Vater, ein Jüngling in den besten Jahren wie viele Millionen in der Wehrmacht, die gerade erst in blindem Gehorsam gen Osten marschiert waren, stapfte ergeben durch den Schnee, dem nahen Temeschburg entgegen, er, einer aus der Hundertschaft der anderen Opfer aus Sackelhausen, die nur des Verbrechens bezichtigt wurden, deutsche Zivilisten zu sein, Menschen, die sich ihrer Unschuld bewusst, nicht „heim ins Reich“ geflohen waren. Sie waren zum falschen Zeitpunkt am falschen Ort. Fügung des Schicksals? Göttlicher Wille? Welcher Sinn stand dahinter, Unschuldige zum Schafott zu führen? In Freidorf endete für ihn - wie für alle anderen aus der Gruppe der zum Leiden Auserkorenen – jede Form von Freiheit! Oder, anders formuliert: Die Unfreiheiten und Qual eines fünfjährigen Martyriums in Straflager-Verbannung für eine fiktive, unbekannte Schuld, begann in zynischerweise in Freidorf. Von „Freidorf“ aus sollte es noch am gleichen Tag auf „Große Fahrt“ gehen – an den Dnepr, sozialistisch korrekt und human in einem Viehwaggon, in dessen Ecke ein kleines Loch für die Erledigung der Notdurft eingeschnitten worden war. Der Transport von neunzig Menschen, eingepfercht in einem Waggon mit zugenagelten Türen, kam zehn Tage später am Zielort an, in der Ukraine bei Kriwoj Rog. Wenn einer dem Stress schier unerträglicher Bedingungen nicht gewachsen war, der durfte ableben – wie die Juden auf dem Weg nach Lettland oder wie das Vieh auf neuzeitlichen Tiertransporten. Auch „Dezimierung“ war integraler Bestandteil der Vergeltung an den Deutschen.





Zu G. Ortinau

Dass er, das Opfer, die Dinge gerade so sah, vergleichbar mit Herta Müllers Haltung in „Niederungen“ zur gleichen Thematik und nicht anders, fand ich später in einer knappen Erzählung bestätigt, die Horst Fassel und Josef Schmidt in dem „Banater Lesebuch“ „An Donau und Theiß“ im Jahr 1986 veröffentlichten. Unter der Überschrift „Kleine Geschichte“ beschreibt Gerhard Ortinau die Situation seiner Geburt in der Verbannung: „Den Erzählungen meiner Eltern ist zu entnehmen, dass ich am späten Abend in einer Art schilfgedeckten Erdhütte geboren wurde. Im Zimmer befand sich das Wichtigste.
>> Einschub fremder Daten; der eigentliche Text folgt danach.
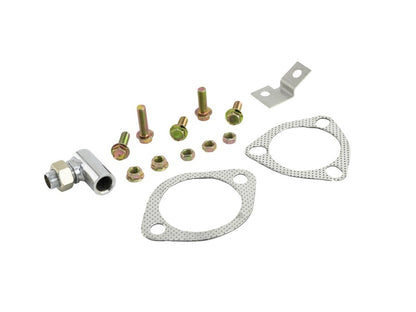 Skunk2 Downpipe Kit w/ Cat (16 - 20 Honda Civic) - Skunk2 Racing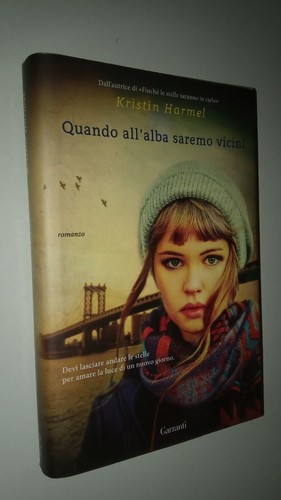 Kristin harmel quando - kristin,
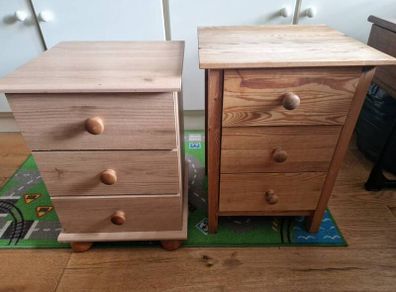 Bedside Lockers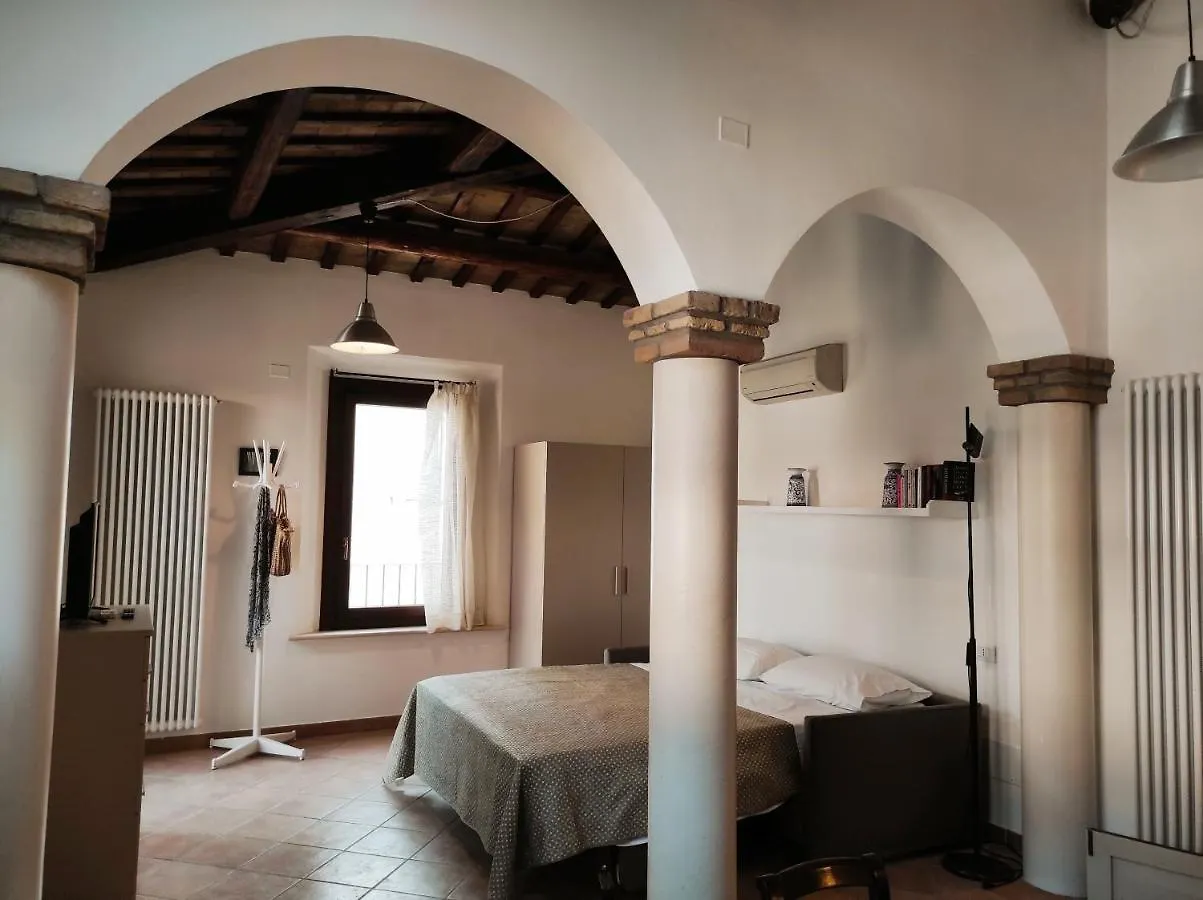 Via Zagarelli Alle Mura 80 Ravenna Apartmán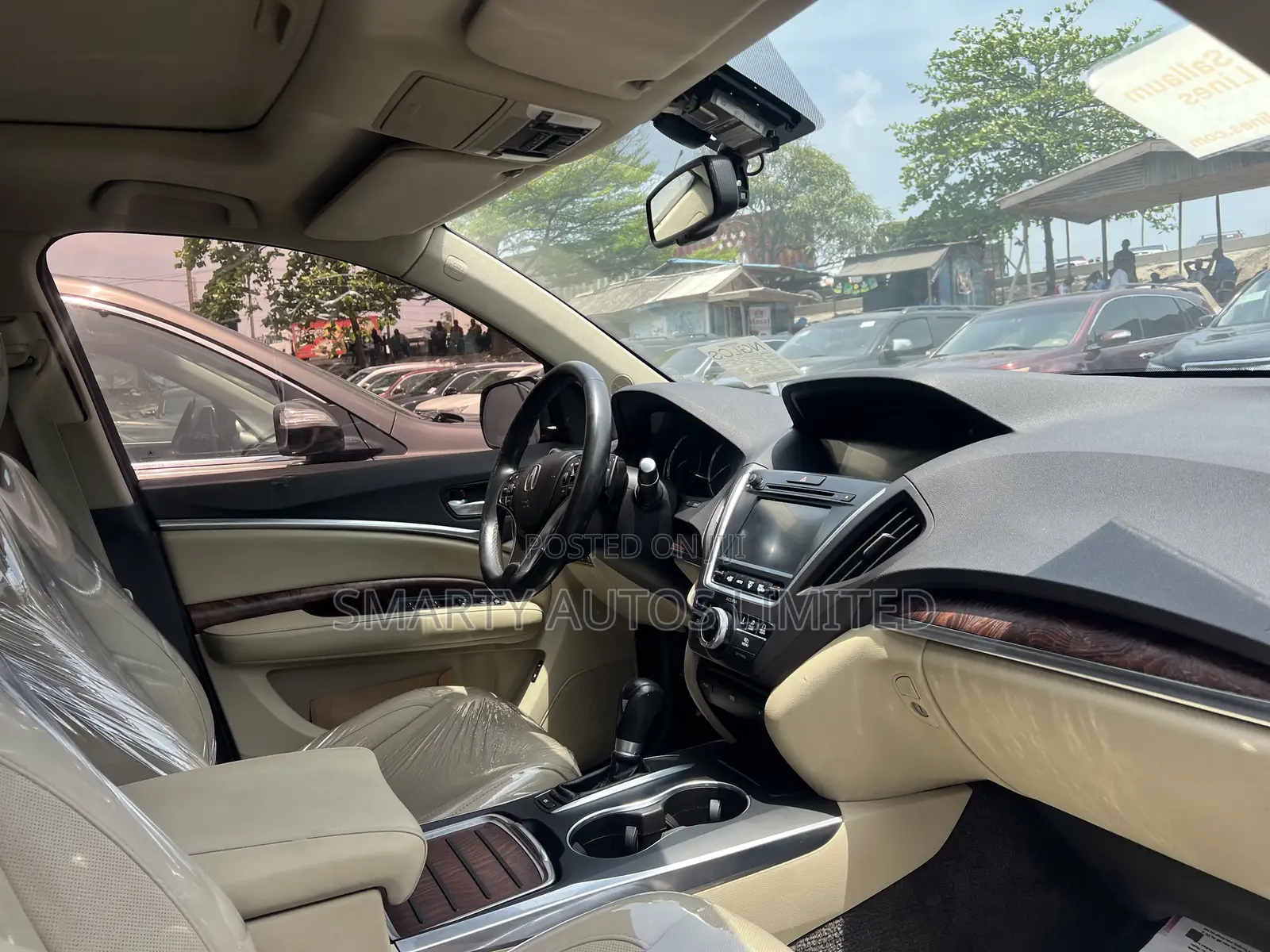 Acura MDX 2014 Black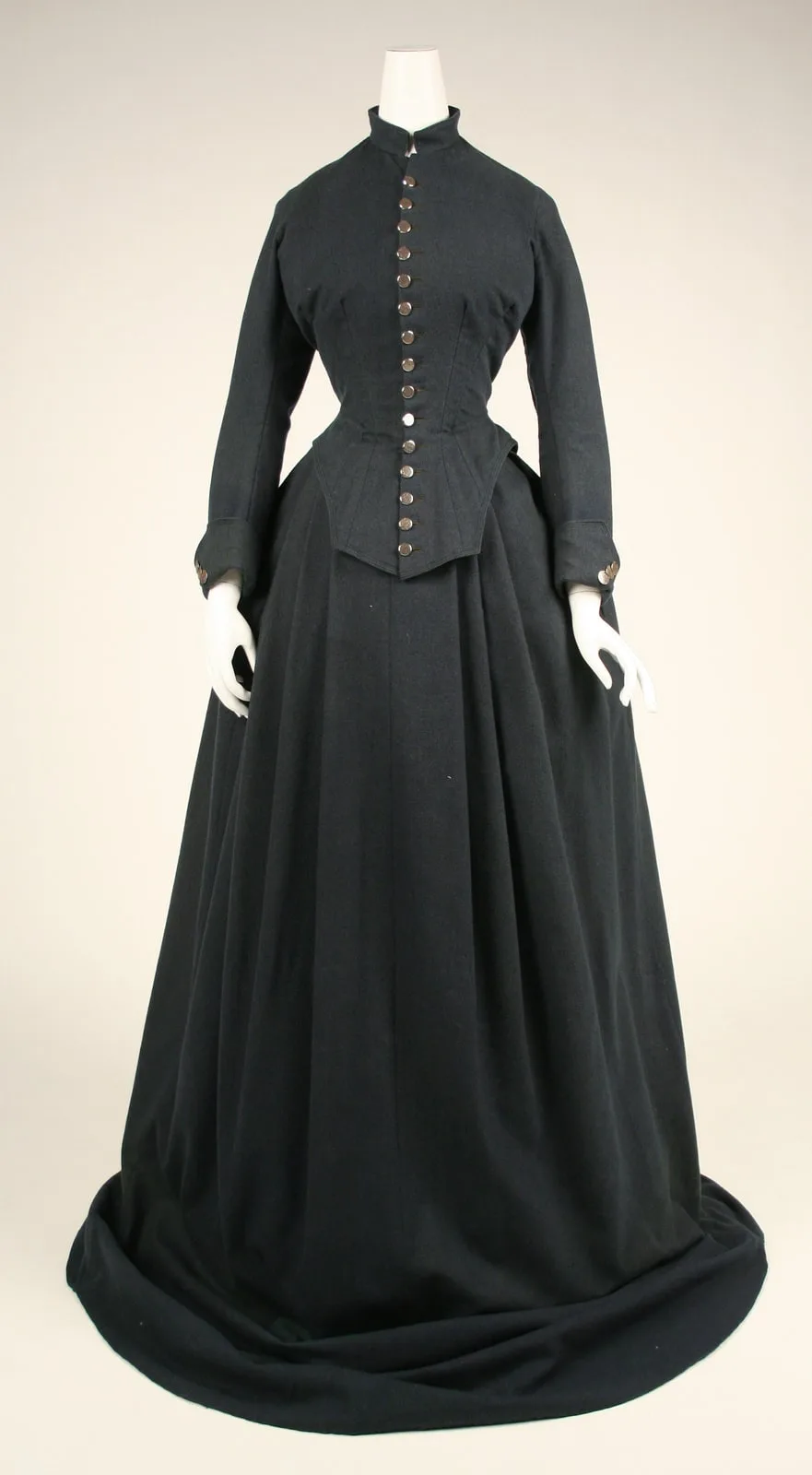Riding habit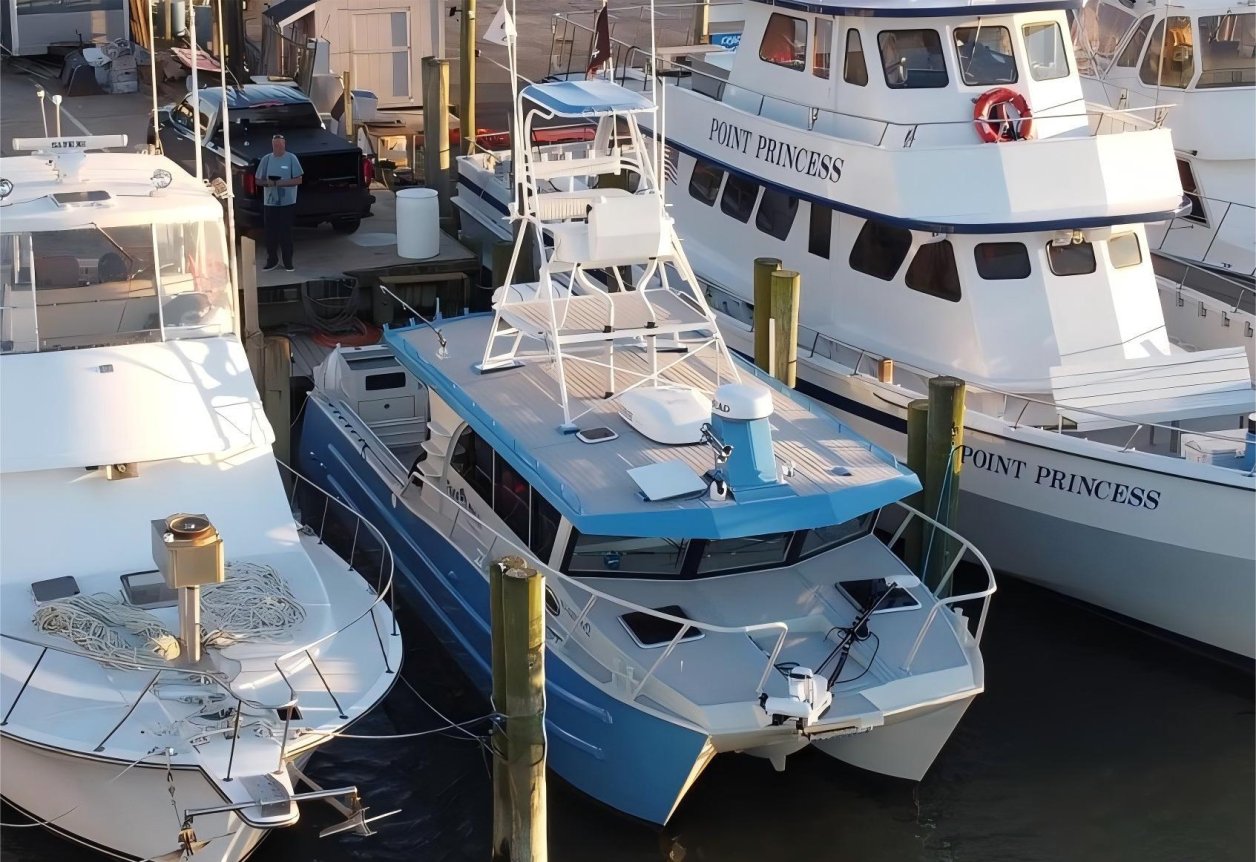 11m Catamaran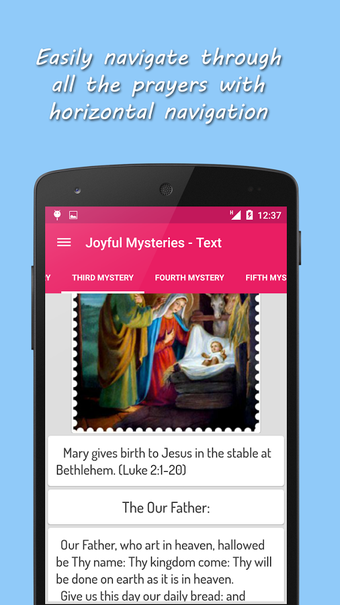 Imagen 0 para Holy Rosary With Audio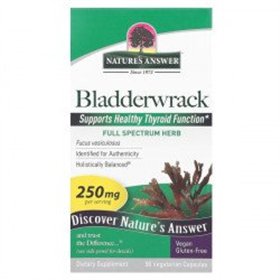 Bladderwrack Nature's Answer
Draußen hatten die Leute tagsüber Tunnels in den mannshohen Schnee geschaufelt, mittlerweile hatte sie aber der Sturm schon wieder zusammengewirbelt. (…) Ich erblickte am 17. März des Jahres 1953 in dem Weiler Movila Gildaului das Licht des Bărăgans. Alles andere erfuhr ich aus Büchern und aus Zeitungen: die Fehler, die Zufälle. Ich habe vieles begriffen, nicht aber meine Eltern. Sie, die sie ihre Erinnerungen haben, fragen immer noch: warum? Erklärt ihr es ihnen, sie könnten ansonsten noch einen Irrtum mit ins Grab nehmen. (Es wäre der einzige nicht, aber es wäre einer mehr.)“ Soweit Gerhard in der Rückschau, in einer Betrachtung, die er wohl nach unserem Zusammentreffen im Jahr 1980 in Berlin verfasste? Denn damals besaß er wohl noch keine Schreibmaschine, ein – im Text oben mit erwähntes –„Luxusgerät“, das im kommunistischen Rumänien während der Ceauşescu -Diktatur zu den verbotenen Dingen gehörte – wie Waffen, eben weil es eine Waffe war. Im Gegensatz zu seinen Eltern, die nicht aufhören wollten zu fragen, warum, kannte Gerhard, der aufgeklärte Dichter, die richtige Antwort. Dieses „Darum“ und ein „Deshalb“ markierten den Unterschied zwischen uns. Eine Gesamtverantwortung für eine deutsche Gesamtschuld lehnte ich aus meiner damaligen Erfahrungswelt heraus ab. Eigenverantwortlich sah ich nur mein Tun und die Taten meiner Vorväter aus meiner Familie, die rein waren und nichts Verwerfliches an sich hatten. Was konnte ich mehr verantworten als das eigene Handeln? Mit den Verbrechen des braunen Diktators hatte ich genau so wenig zu tun wie die kommunistischen Utopisten meines Umfelds mit den Gräueln des roten aus dem Kreml. Statt meine Energien „gegen die eigene Identität“ einzusetzen, konzentrierte ich mich auf die Bekämpfung der kommunistischen Ideologie und Gesellschaft, die mir in ihrem Wesen heuchlerisch und vielfach verlogen erschien.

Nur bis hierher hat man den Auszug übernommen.